The real reason people in their 20s and 30s are angry is not ideology, but fairness and survival. For the 86 generation, freedom once meant a collective struggle against military dictatorship. For today's young people, voting rights are the minimum rules that govern their lives and a basic individual right. When private companies made mistakes, the government and society stepped in and demanded accountability with sharp criticism. Yet when the right to vote, the foundation of democracy, was violated, the political establishment responded only with restrained expressions of regret. That double standard shook their sense of fairness. Their bitter cry that "voting rights are worth less than Starbucks" is essentially a declaration that they reject the older generation's camp logic and selective outrage.

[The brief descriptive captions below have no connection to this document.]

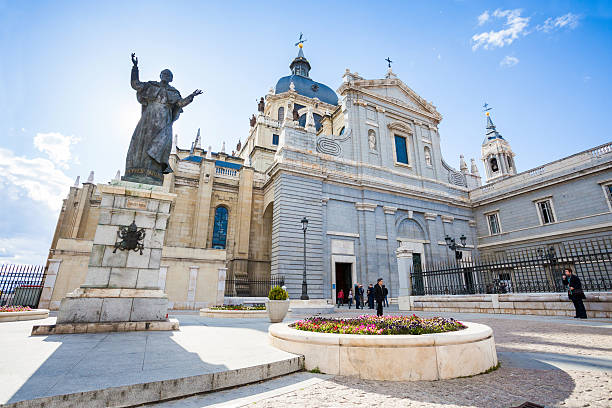 Pope John Paul II statue, Cathedral Almudena in Madrid stock photo
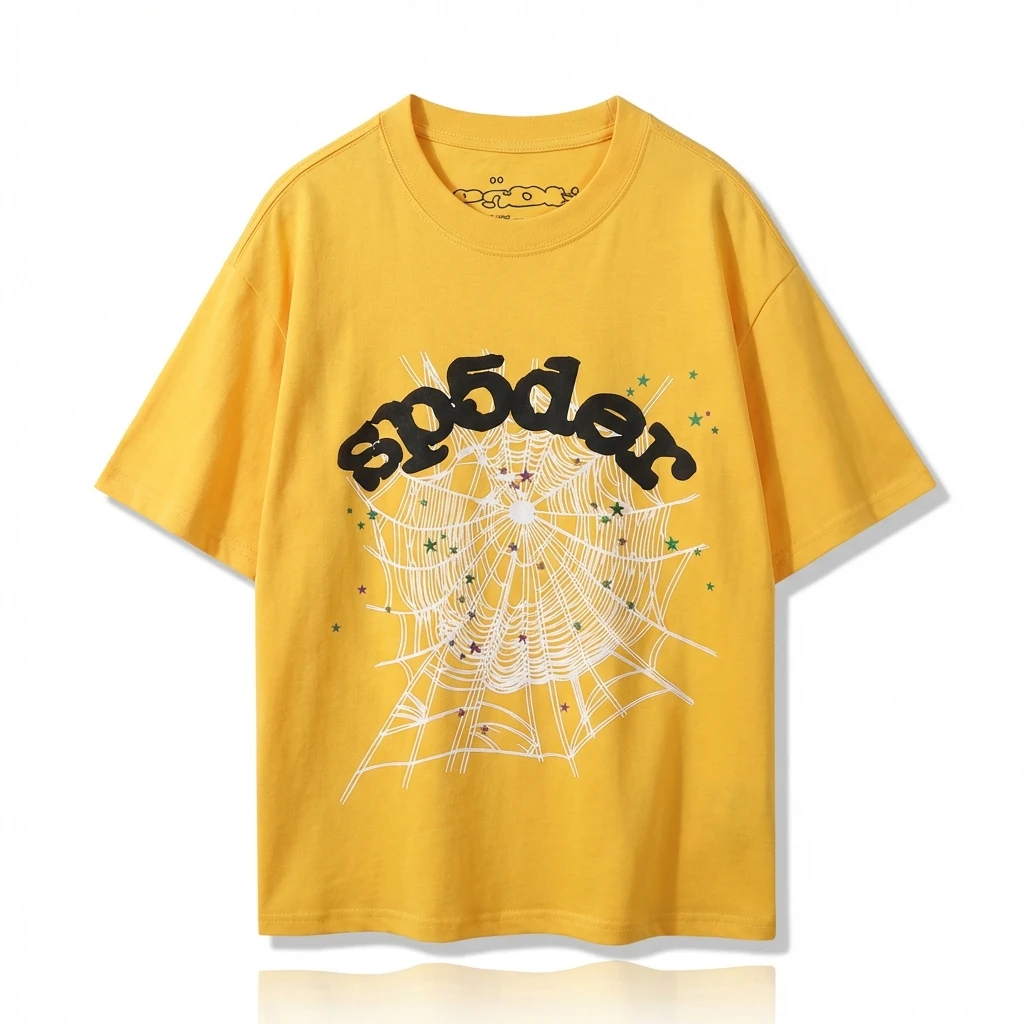 Sp5der Cobweb Cool Yellow T-shirt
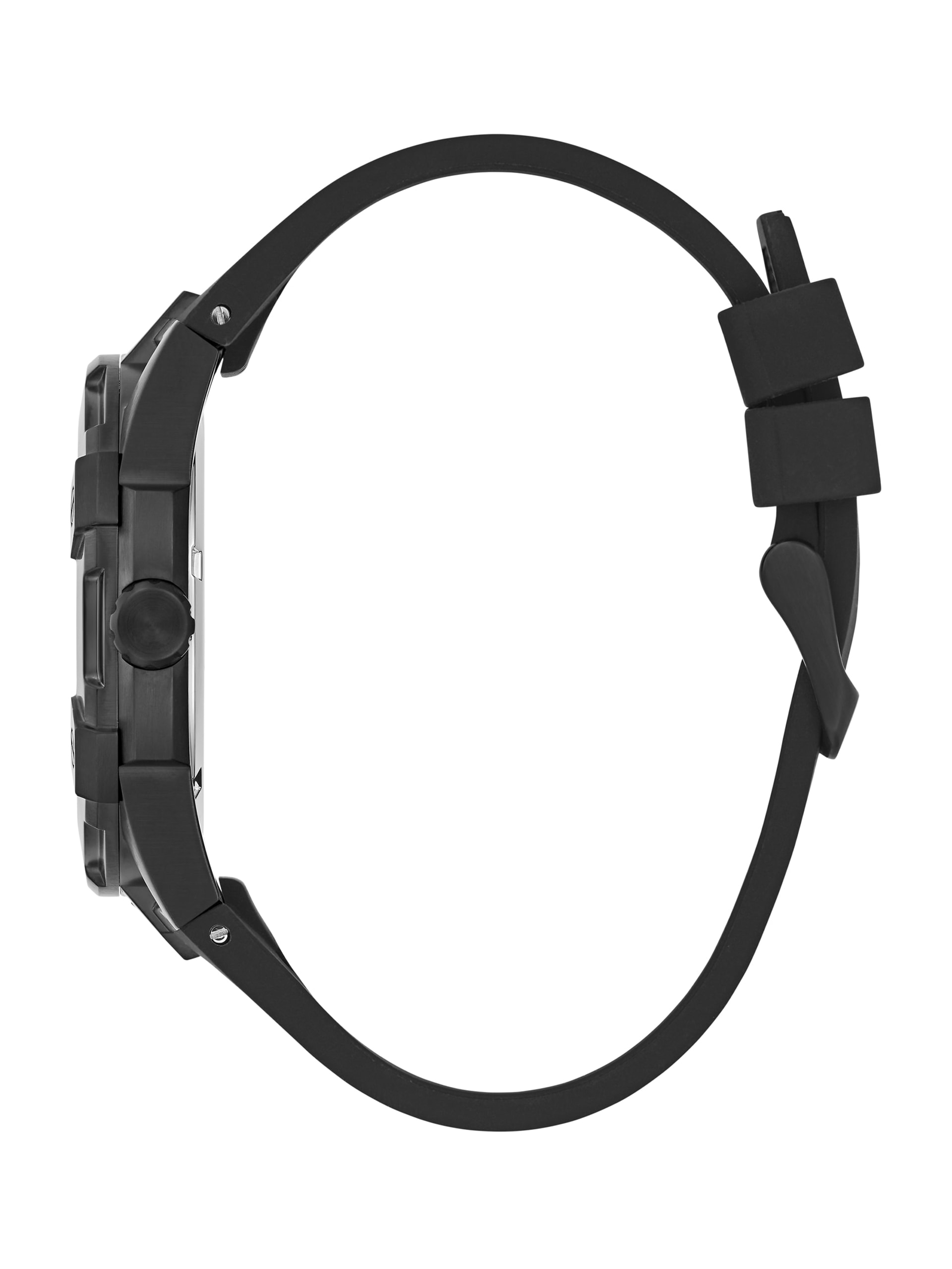 Relógio analógico de silicone preto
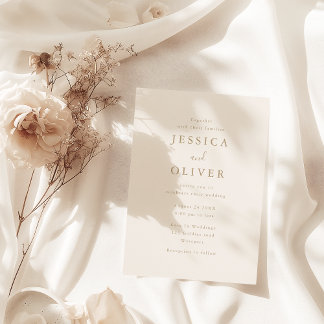 Elegante Champagne & Gouden Tekst Huwelijksuitnodi Kaart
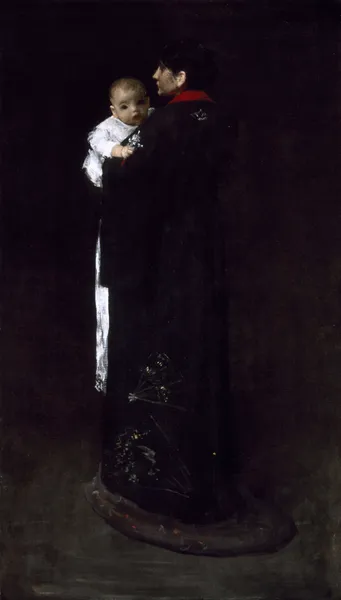 Mother And Child (The First Portrait) av William Merritt Chase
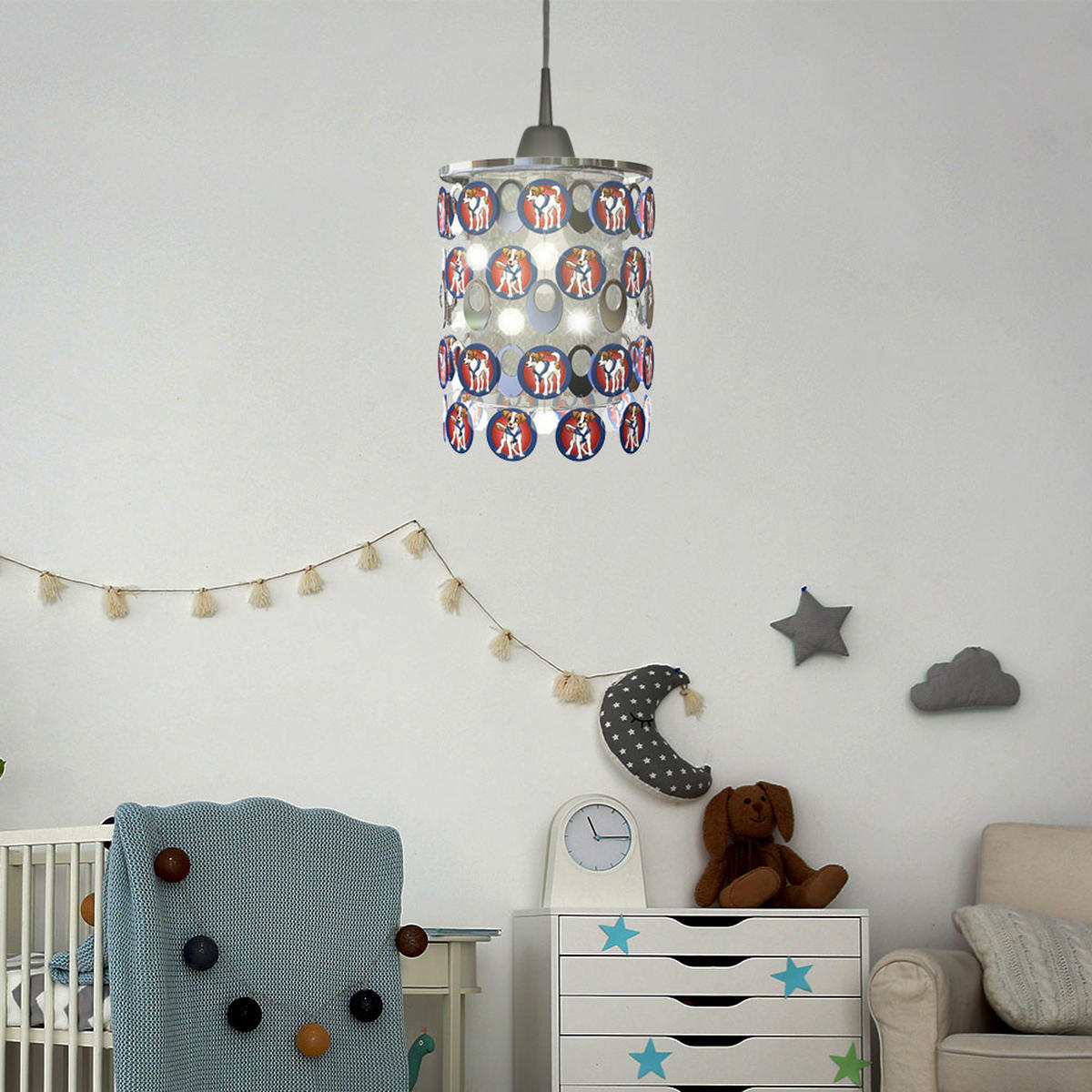 LED KINDERDECKENLEUCHTE FANTASIA Bunt Chrom - Multicolor, Metall (23/23/33cm) - Esto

These young voices have been heard for quite some time. From the controversy over a unified inter-Korean team at the 2018 Winter Olympics and the regular-worker conversion dispute at Incheon International Airport Corporation to the Cho Kuk scandal, and more recently the ruling party's motion for a special counsel to drop charges and the Korea Football Association's unilateral appointment of a coach, they have spoken out whenever they felt the reality before them was unfair and opaque. The author of the once best-selling book "A Generation of 1990s Births Is Coming" identified "honesty" as one of the defining traits of people in their 20s and 30s. Here, honesty does not mean being frank or pure in the sense of "honesty," but is closer to "integrity," meaning the truthfulness and wholeness of a system. The reason many young people have become so-called civil service exam devotees, fixated on the Level 9 civil servant exam, which they believe is the fairest hiring system, also lies in their longing for a system that is honest and intact. For them, fairness is not merely a moral value. It is the last line of defense that can protect them as the threshold of opportunity grows narrower by the day.
Today's younger generation lives under a far harsher economic restructuring than their parents did. With the introduction of Artificial Intelligence (AI) and robots, jobs are disappearing rapidly, and companies are cutting back even on entry-level hiring, pushing young people into an endless internship loop. Add to that the harsh realities of widening asset inequality and housing instability, and young people are left with a deep sense of deprivation. Even so, the older political establishment still believes it can win their support with laws that protect only existing workers or with short-term fixes such as one-off cash handouts. The fact that people in their 20s and 30s have given record-low approval ratings to governments of both the conservative and progressive camps is a stern warning against the arrogance and hypocrisy of a generation that has itself become entrenched in power, regardless of party.
American cultural anthropologist Margaret Mead once looked ahead to a society led by young people and declared, "Now the young can be the teachers." The older generation should not bask in the achievements of the past they built, nor should it lecture young people or judge their anger by the stale standards of old ideology. If it cannot adapt flexibly to change and insists on clinging to old ways, that is the very path to becoming what people call a "kkondae". The stones they throw are aimed at both hypocritical progressives and greedy conservatives. Our society must now abandon the complacency of the entrenched and face the accumulated anger and demands of young people head-on. It is time to listen fully to the vivid cries of the 20s and 30s generation, who have raised their voices to defend fairness, a value directly tied to everyday life.